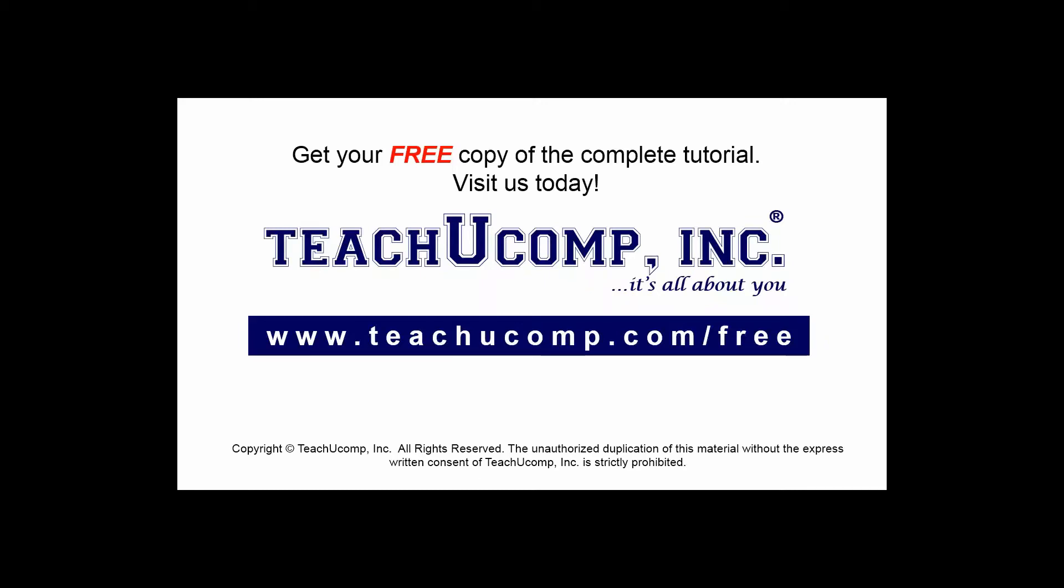Get your free copy of the complete tutorial at www.teachucomp.com/free.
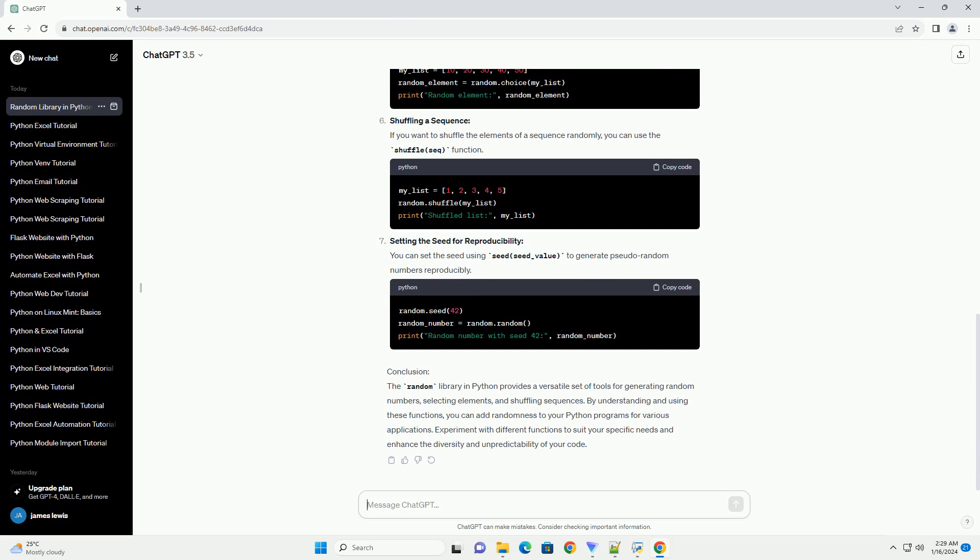The choice(Seq) function allows you to randomly select an element from a sequence, such as a list or a tuple.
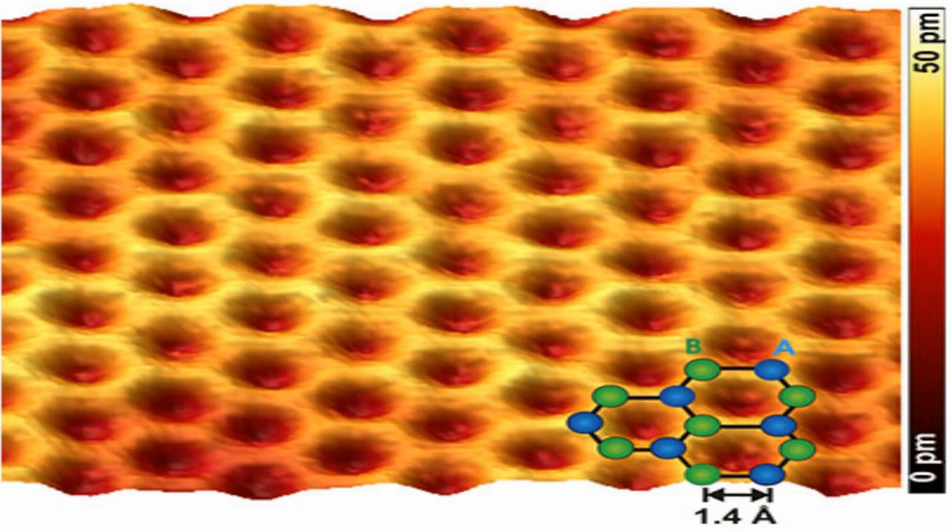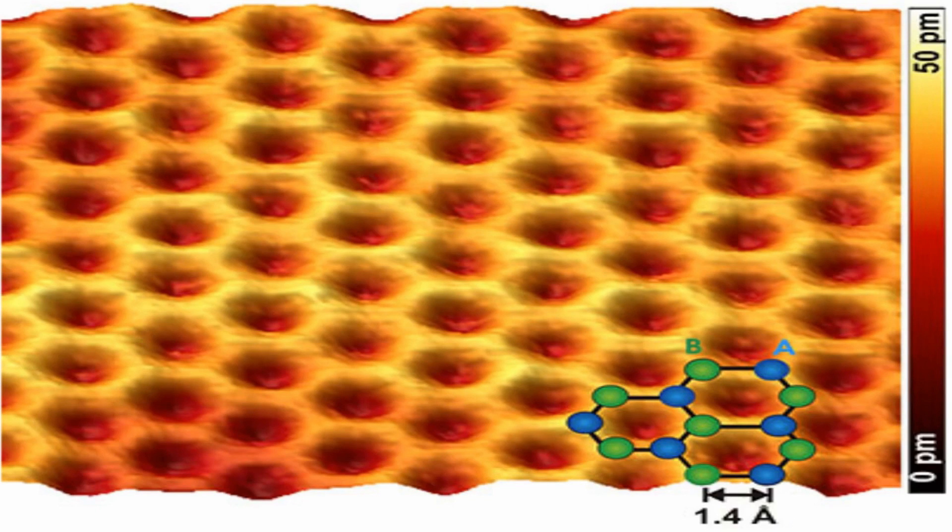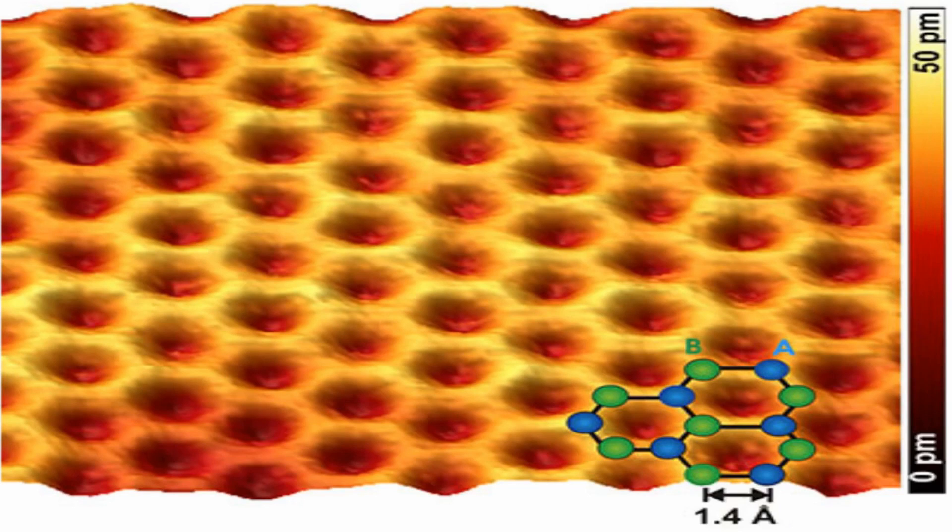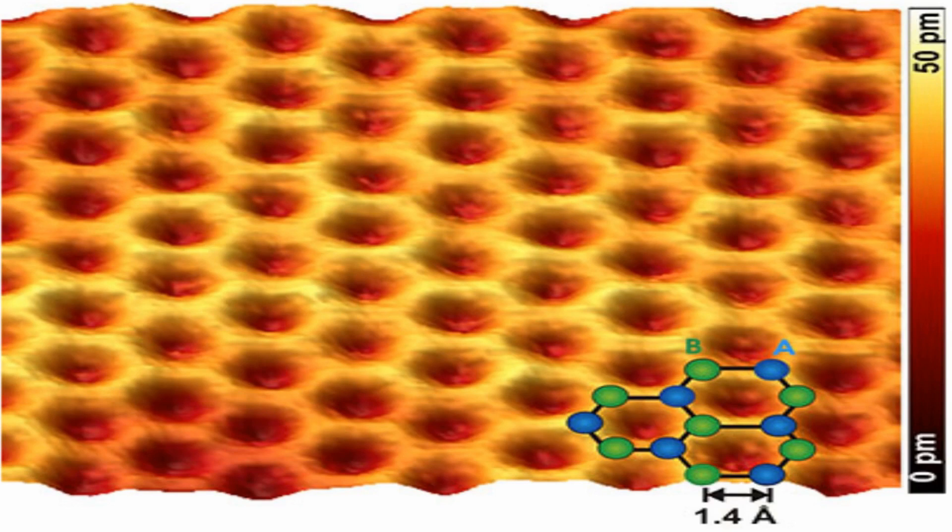Scientists use images like this one to study and learn about materials like graphite all the time. But actually getting an image of atoms is tough, since it's impossible for a normal microscope to zoom in far enough to see them.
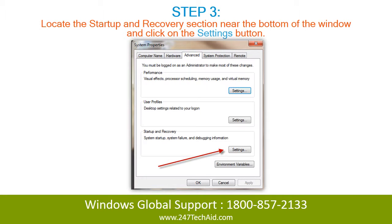Step 3: Locate the startup and recovery section near the bottom of the window and click on the settings button.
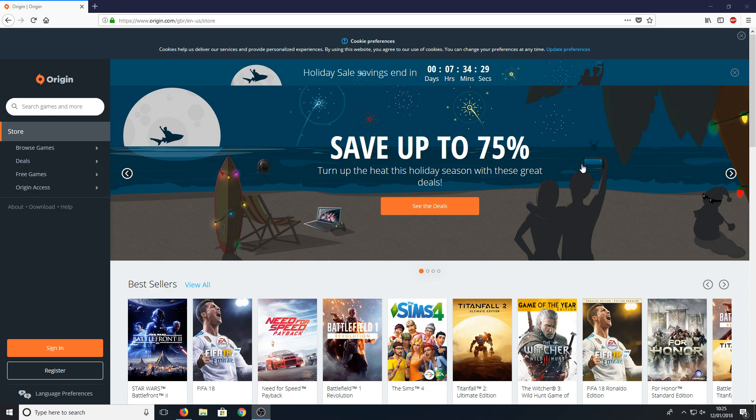This means that if anyone else tries to access your account, they need to either have your email address or your mobile phone to get a code to be able to access Origin.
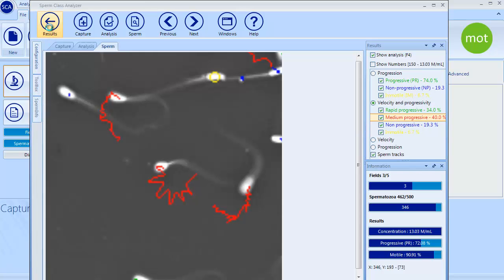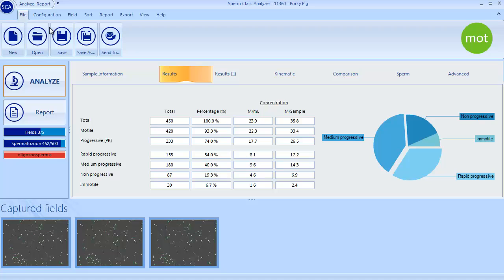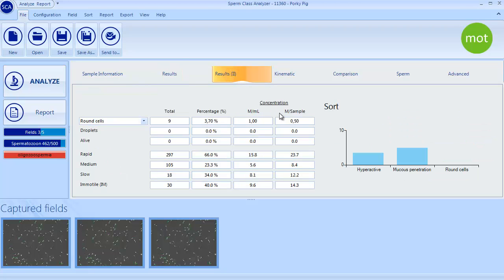Clicking on Results, Capture window closes and results can be checked in Analysis window presented in Table or Graphic format.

☆ ☆ ☆ ☆ ☆ ☆ ☆

-- The problem --
Reproduce each line of the records above, exactly and without pictures.

-- Answer to this exercise --
Get your free copy of the complete tutorial at www.teachucomp.com/free.
The choice(Seq) function allows you to randomly select an element from a sequence, such as a list or a tuple.
Scientists use images like this one to study and learn about materials like graphite all the time. But actually getting an image of atoms is tough, since it's impossible for a normal microscope to zoom in far enough to see them.
Step 3: Locate the startup and recovery section near the bottom of the window and click on the settings button.
This means that if anyone else tries to access your account, they need to either have your email address or your mobile phone to get a code to be able to access Origin.
Clicking on Results, Capture window closes and results can be checked in Analysis window presented in Table or Graphic format.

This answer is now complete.